Everyone dreams of getting their own car. And this is another acquisition that is going to cost you money. If you want to get a brand new set of wheels, you also need to save anywhere from 10 percent to 20 percent for the downpayment. That means if the car costs $30,000, you have to save anywhere from $3,000 to $6,000 to be able to drive it home. But it would even be smarter if you pay for your vehicle in cash as it depreciates in value the moment you drive it out of the dealership.

Saving for emergencies.
You know just how unstable the world has become these days. One day you have a job and the next you are given the pink slip because the company needs to downsize to survive. You need to guard yourself against these and other emergencies which will potentially drain your resources and cause you to go in debt. Experts recommend having financial emergency savings of anywhere from three to six months of your living expenses so that you will still remain afloat when something bad rocks your world.

To arrive at this computation, you need to sit down and figure out your budget so that you know how much you need to set aside for your living expenses (this amount is lower than your monthly income).
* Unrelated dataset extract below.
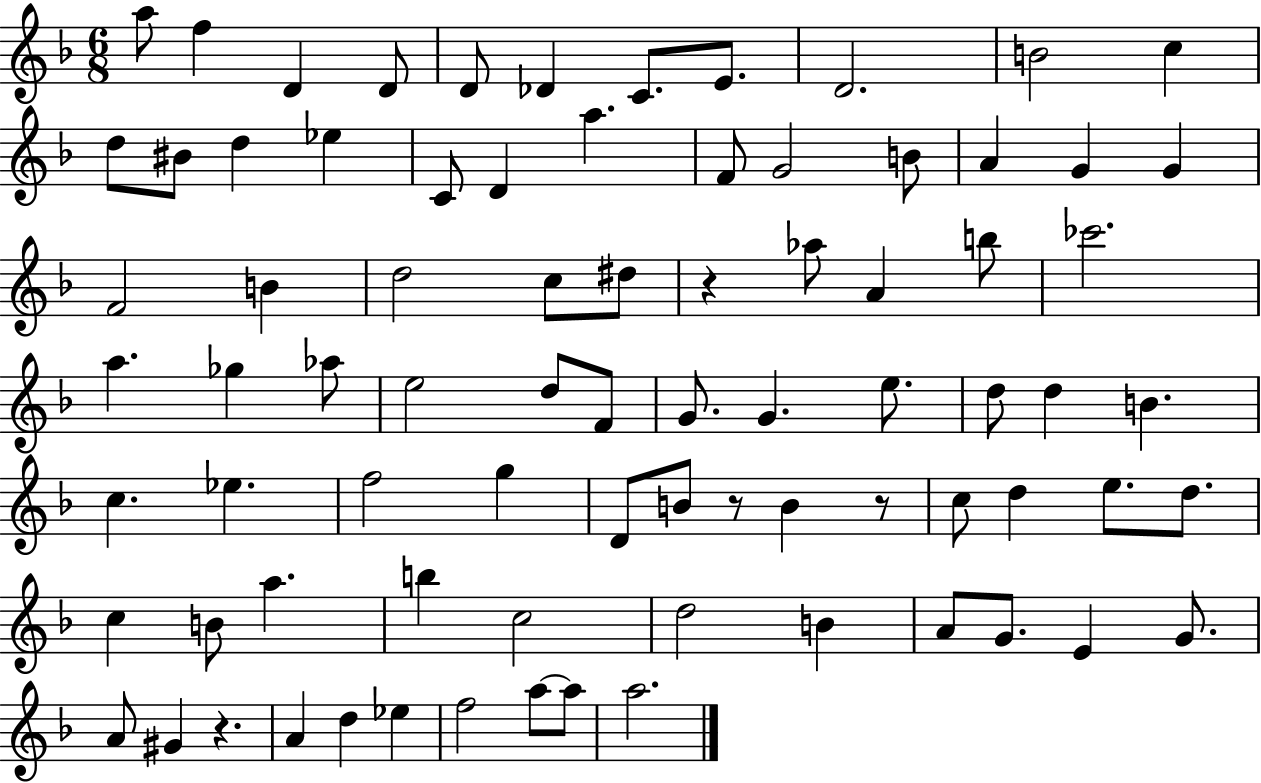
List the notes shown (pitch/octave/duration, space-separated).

A5/e F5/q D4/q D4/e D4/e Db4/q C4/e. E4/e. D4/h. B4/h C5/q D5/e BIS4/e D5/q Eb5/q C4/e D4/q A5/q. F4/e G4/h B4/e A4/q G4/q G4/q F4/h B4/q D5/h C5/e D#5/e R/q Ab5/e A4/q B5/e CES6/h. A5/q. Gb5/q Ab5/e E5/h D5/e F4/e G4/e. G4/q. E5/e. D5/e D5/q B4/q. C5/q. Eb5/q. F5/h G5/q D4/e B4/e R/e B4/q R/e C5/e D5/q E5/e. D5/e. C5/q B4/e A5/q. B5/q C5/h D5/h B4/q A4/e G4/e. E4/q G4/e. A4/e G#4/q R/q. A4/q D5/q Eb5/q F5/h A5/e A5/e A5/h.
The more unstable your jobs is or if you are the sole breadwinner in the family or have a sickness that could put you out of commission anytime, the more months you should put into your emergency fund. But if you are in government service for many years now and have no intentions of quitting or have established yourself well in a relatively stable company then a minimum of three month’s emergency savings is enough.

Erasing your debts.
Debt is a burden that many people now wish they never got into. From student loans to credit card debt to personal loans, your financial obligations can weigh you down and prevent you from making the most productive use of your money. Instead of using it to prepare for your retirement or save for your kids’ college education, you lose the opportunity because you have to keep paying your debts each month.
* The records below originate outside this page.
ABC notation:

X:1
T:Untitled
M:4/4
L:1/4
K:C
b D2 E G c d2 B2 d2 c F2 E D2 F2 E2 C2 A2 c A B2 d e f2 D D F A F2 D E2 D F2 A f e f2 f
So calculate how much you owe right now and make a determined effort to pay back every cent. There are two ways to pay your debts. The most common method suggested by financial experts is to tackle the high-interest debts first. The rationale behind this is that you avoid accumulating interest and prevent your debt from getting larger. The other one is called the debt snowball, popularized by Dave Ramsey in the Total Money Makeover. He advocates paying the smallest debts first so that you get the feeling of winning small victories and are thus motivated to keep on paying your obligations. Choose the method that you are most comfortable with and will most likely stick with until you are able to erase your debts completely.

Of course, you may have other goals, too, like funding for retirement or saving for your children’s college expenses. Be sure to put a price tag on these so you know how much you are going to be putting away each month to achieve them.